**Items from a data source**
☆ ☆ ☆ ☆ ☆
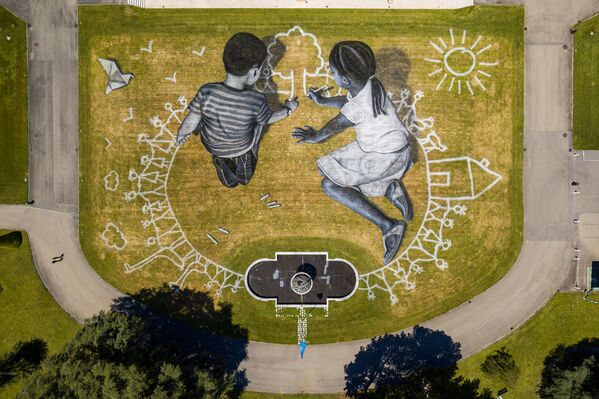 Šioje nuotraukoje, padarytoje Jungtinių Tautų biuro parke Ženevoje, matomas Saype paveikslas, kurį užsakė Šveicarija, minint 75-ąsias Jungtinių Tautų Chartijos pasirašymo metines. 6 tūkst. kvadratinių metrų piešinys, pavadintas &quot;World in Progress&quot;, vaizduoja du vaikus, piešiančius savo idealų pasaulį. - Sputnik Lietuva
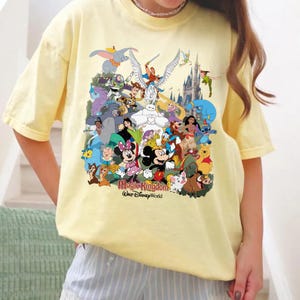 Puede incluir: Una camiseta amarilla clara con un gr&aacute;fico colorido de varios personajes de Disney, incluyendo Mickey Mouse, Minnie Mouse y Winnie the Pooh. El texto "Magic Kingdom Walt Disney World" est&aacute; impreso debajo.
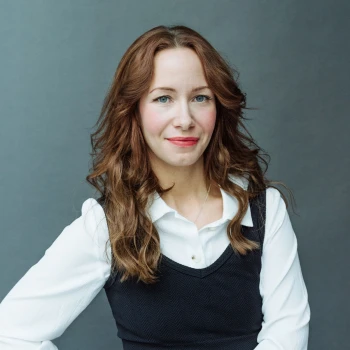 Portrait of a smiling woman with long curly hair wearing a white blouse and dark vest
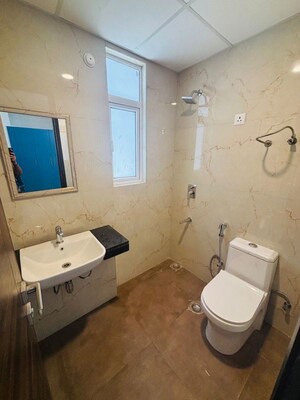 Bathroom in 2.5 BHK Builder Floor at M3M Soulitude, Sector 89 – for Rent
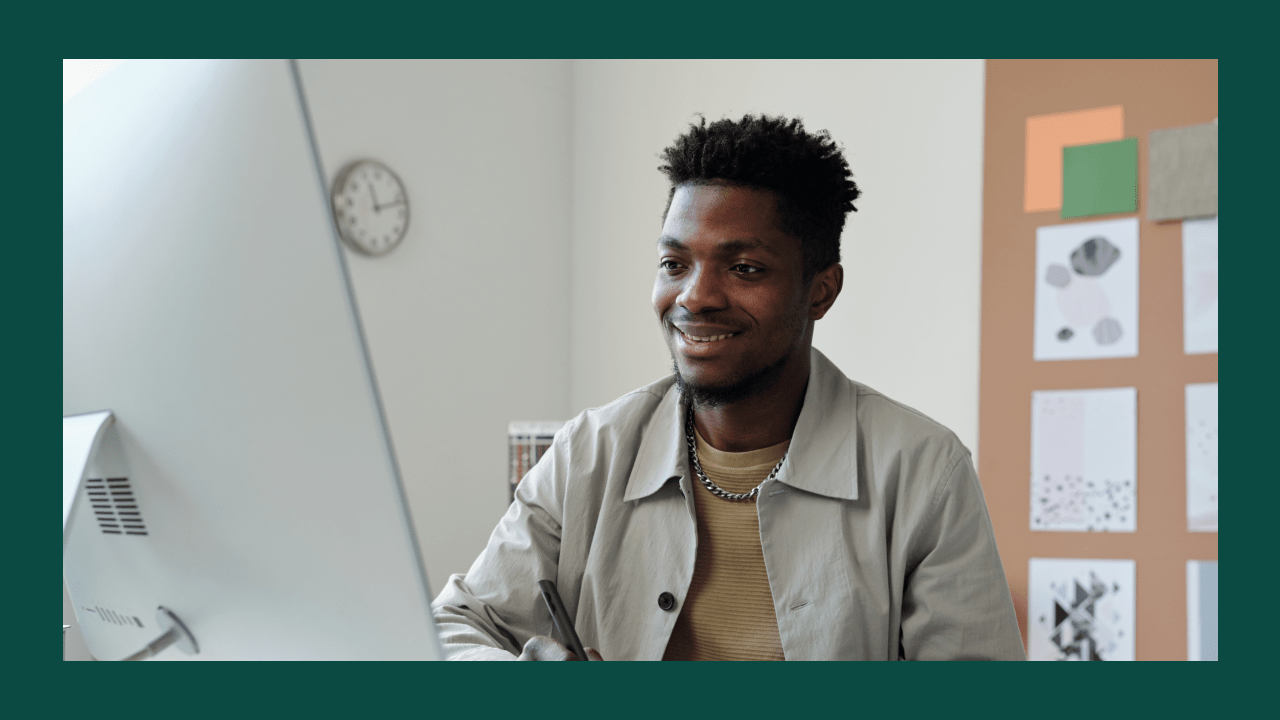 Designer working at a desktop, planning how to start a print-on-demand business website.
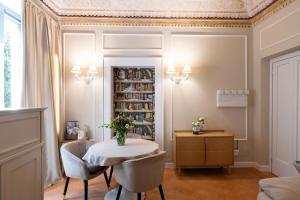 a dining room with a table and chairs and a book shelf at ViCity Orvieto, la Casa degli Affreschi e la Casa del Giardino Segreto in Orvieto
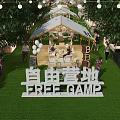 Vibrant Commercial Street with Tents String Lights and Green Grass at Free Camp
☆ ☆ ☆ ☆ ☆
In the data, the line that contains "Designer working at" begins the part to write out; restate it and each line after it word for word through the end, with no pictures.

 Designer working at a desktop, planning how to start a print-on-demand business website.
 a dining room with a table and chairs and a book shelf at ViCity Orvieto, la Casa degli Affreschi e la Casa del Giardino Segreto in Orvieto
 Vibrant Commercial Street with Tents String Lights and Green Grass at Free Camp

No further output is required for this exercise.